La sociedad tradicional campesina, fundada el triángulo integrado agro-silvo-pastoril, desmonetarizada y despolitizada, usaba racionalmente los recursos
territoriales y era capaz de autorreproducirse sin modificar las relaciones sociales, sólidamente comunitarias. Era una sociedad inútil como medio de acumulación de capital precisamente porque dichas relaciones, ancladas en los usos y costumbres, no permitían que la economía llegara a ser una actividad independiente, separada de ella, y por consiguiente impedían que el derecho mercantil la gobernase. Era también una sociedad patriarcal y con iglesias, pero sin Estado. La sociedad campesina se desestabilizó al dejar de apoyarse en el autoabastecimiento y orientarse hacia la producción de excedentes comercializables. El desarrollismo introdujo la moneda, el salario, la maquinaria, los abonos sintéticos, los créditos, los impuestos y finalmente la industrialización. Y con ésta última, la despoblación y la extinción de conocimientos diversos, prácticas consuetudinarias, dialectos, folklore, gastronomía y de todo lo que formaba parte la cultura campesina. No obstante, a la ciudad no le ha ido mejor: la masificación, el individualismo, la explotación económica y el consumismo han sido las lacras de la degeneración de la sociedad  urbana, cada vez más artificial y burocratizada, horriblemente insolidaria y frustrante, insalubre y autoritaria. Por ello se han despertado reacciones, como la «okupación» por desertores de la urbe degradada de pueblos abandonados. Ante el agravamiento de los males urbanos se abre una perspectiva rural todavía nebulosa que ofrece espacios de experimentación comunal creativa donde pueden funcionar los principios libertarios. La búsqueda de territorios a salvo de la especulación desemboca en el descubrimiento de un mundo perdido donde se vivía austeramente pero con pocas constricciones y en simbiosis con el medio. Por eso, la vuelta al agro huyendo de metrópolis inhabitables es antes que nada un proceso de recuperación y aprendizaje.

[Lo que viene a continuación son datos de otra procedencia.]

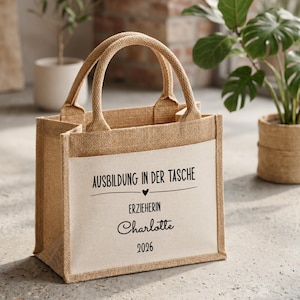 Könnte beinhalten: Eine beigefarbene Jute-Tragetasche mit zwei stabilen Henkeln und einer weißen, rechteckigen Frontpartie. Auf der Vorderseite ist in schwarzer Schrift AUSBILDUNG IN DER TASCHE, ein kleines Herzsymbol, das Wort ERZIEHERIN, der Name Charlotte und 2026 gedruckt.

La construcción de una comunidad en el campo desde la mentalidad urbana, con escasos medios materiales, sin conocimientos suficientes y con la hostilidad de las autoridades (desde 1996 la ocupación de lugares deshabitados es delito) o la de los desconfiados lugareños, es enormemente difícil, y el entusiasmo que la alienta rara vez sobrepasa el par de estaciones. Aunque parezca contradictorio, los nuevos ocupantes no han de romper amarras con las urbes, bien para reclutar nuevos miembros, bien para sostenerse económicamente, pues el mundo sigue siendo enteramente capitalista. Esa ligazón es tan necesaria como
el aire, pues el territorio no sólo se ha de sostener a través de circuitos cortos, grupos de consumo o cooperativas, sino que se ha de defender del tsunami urbanizador y de sus infraestructuras. De igual modo los aglomerados urbanos han de desmantelarse. Y las masas que reocupen el territorio para vivir más libremente y protegerlo de la mercantilización serán masas originadas en las malditas conurbaciones; en definitiva, masas urbanas.